Though this default is not enough for hosters with thousands
of containers per node. Host admin can be forced to increase it
up to NR_UNIX98_PTY_MAX = 1<<20.

By default container is restricted by pty mount_opt.max = 1024,
but admin inside container can change it via remount. As a result,
one container can consume almost all allowed ptys
and allocate up to 1Gb of unaccounted memory.

It is not enough per-se to trigger OOM on host, however anyway, it allows
to significantly exceed the assigned memcg limit and leads to troubles
on the over-committed node.

It makes sense to account for them to restrict the host's memory
consumption from inside the memcg-limited container.

Signed-off-by: Vasily Averin <[email protected]>
Acked-by: Greg Kroah-Hartman <[email protected]>
---
drivers/tty/tty_io.c | 4 ++--
1 file changed, 2 insertions(+), 2 deletions(-)

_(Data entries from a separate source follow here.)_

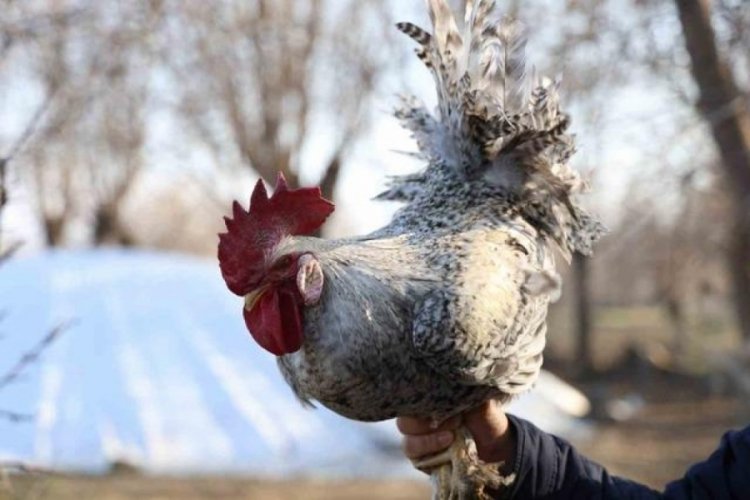 'Anne' diye bağıran horoz 3 defa canını kurtardı!
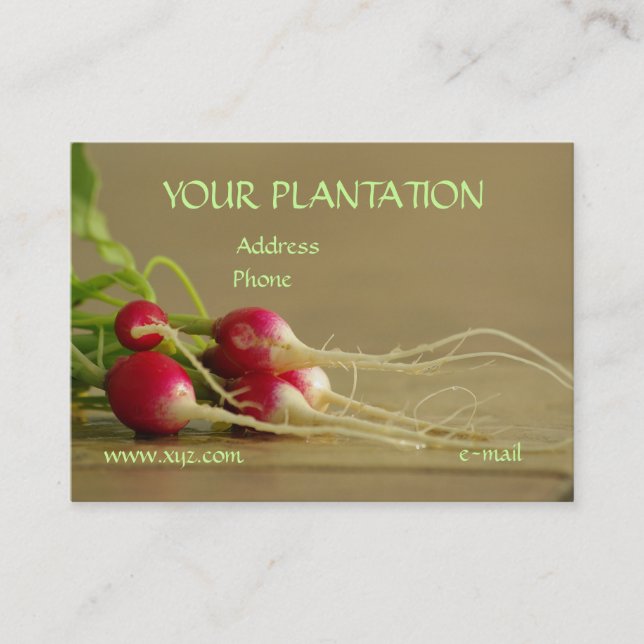 Radishes Business Card (Front)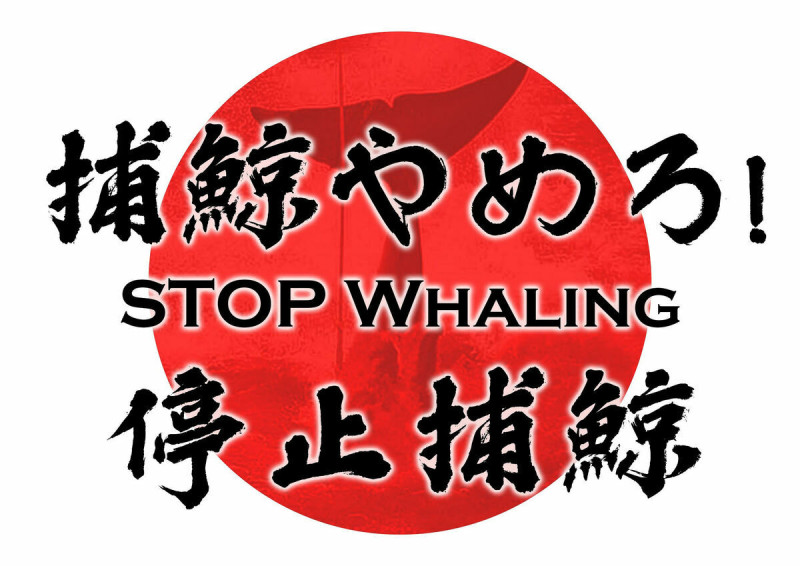 7月1日是日本政府開放商業獵捕長須鯨（fin whale）的首日，台灣民間團體將赴日本台灣交流協會前高舉布條「反對日本政府增獵長須鯨」。   圖：民團提供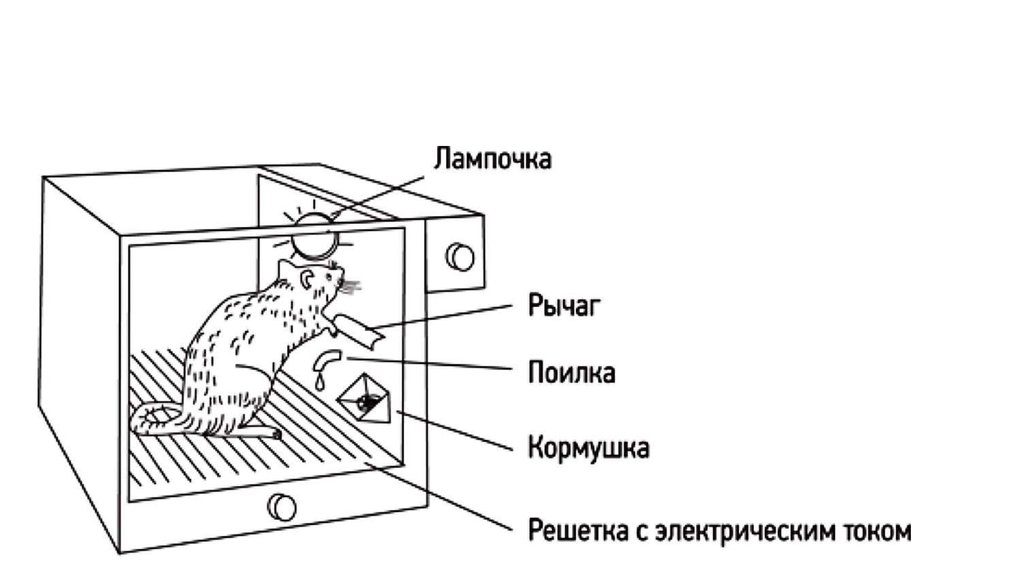 Рассмотрите рисунок на котором изображен эксперимент с мышами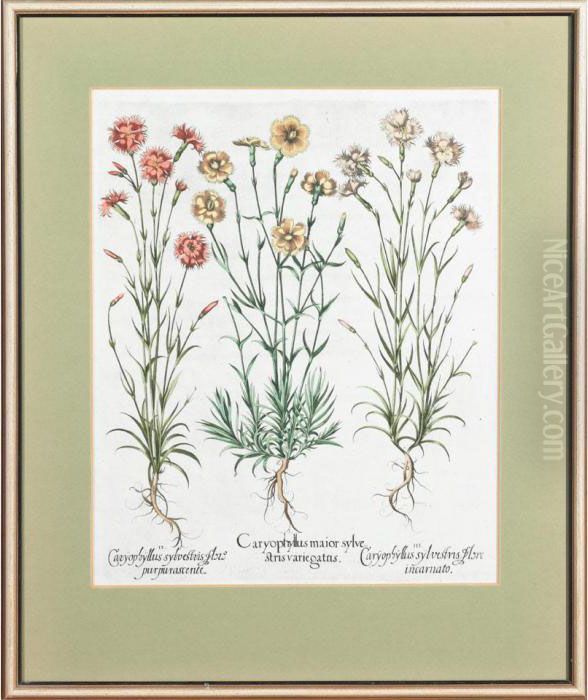 Plate From Hortus Eystettensis Oil Painting by Basilius Besler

diff --git a/drivers/tty/tty_io.c b/drivers/tty/tty_io.c
index 26debec..e787f6f 100644
--- a/drivers/tty/tty_io.c
+++ b/drivers/tty/tty_io.c
@@ -1493,7 +1493,7 @@ void tty_save_termios(struct tty_struct *tty)
/* Stash the termios data */
tp = tty->driver->termios[idx];
if (tp == NULL) {
- tp = kmalloc(sizeof(*tp), GFP_KERNEL);
+ tp = kmalloc(sizeof(*tp), GFP_KERNEL_ACCOUNT);
if (tp == NULL)
return;
tty->driver->termios[idx] = tp;
@@ -3119,7 +3119,7 @@ struct tty_struct *alloc_tty_struct(struct tty_driver *driver, int idx)
{
struct tty_struct *tty;

- tty = kzalloc(sizeof(*tty), GFP_KERNEL);
+ tty = kzalloc(sizeof(*tty), GFP_KERNEL_ACCOUNT);
if (!tty)
return NULL;

--
1.8.3.1


2021-07-27 06:10:38

by Greg Kroah-Hartman

[permalink] [raw]
Subject: Re: [PATCH v7 09/10] memcg: enable accounting for tty-related objects

On Tue, Jul 27, 2021 at 08:34:14AM +0300, Vasily Averin wrote:
> At each login the user forces the kernel to create a new terminal and
> allocate up to ~1Kb memory for the tty-related structures.
>
> By default it's allowed to create up to 4096 ptys with 1024 reserve for
> initial mount namespace only and the settings are controlled by host admin.
>
> Though this default is not enough for hosters with thousands
> of containers per node. Host admin can be forced to increase it
> up to NR_UNIX98_PTY_MAX = 1<<20.
>
> By default container is restricted by pty mount_opt.max = 1024,
> but admin inside container can change it via remount. As a result,
> one container can consume almost all allowed ptys
> and allocate up to 1Gb of unaccounted memory.
>
> It is not enough per-se to trigger OOM on host, however anyway, it allows
> to significantly exceed the assigned memcg limit and leads to troubles
> on the over-committed node.
>
> It makes sense to account for them to restrict the host's memory
> consumption from inside the memcg-limited container.
>
> Signed-off-by: Vasily Averin <[email protected]>
> Acked-by: Greg Kroah-Hartman <[email protected]>
> ---
> drivers/tty/tty_io.c | 4 ++--
> 1 file changed, 2 insertions(+), 2 deletions(-)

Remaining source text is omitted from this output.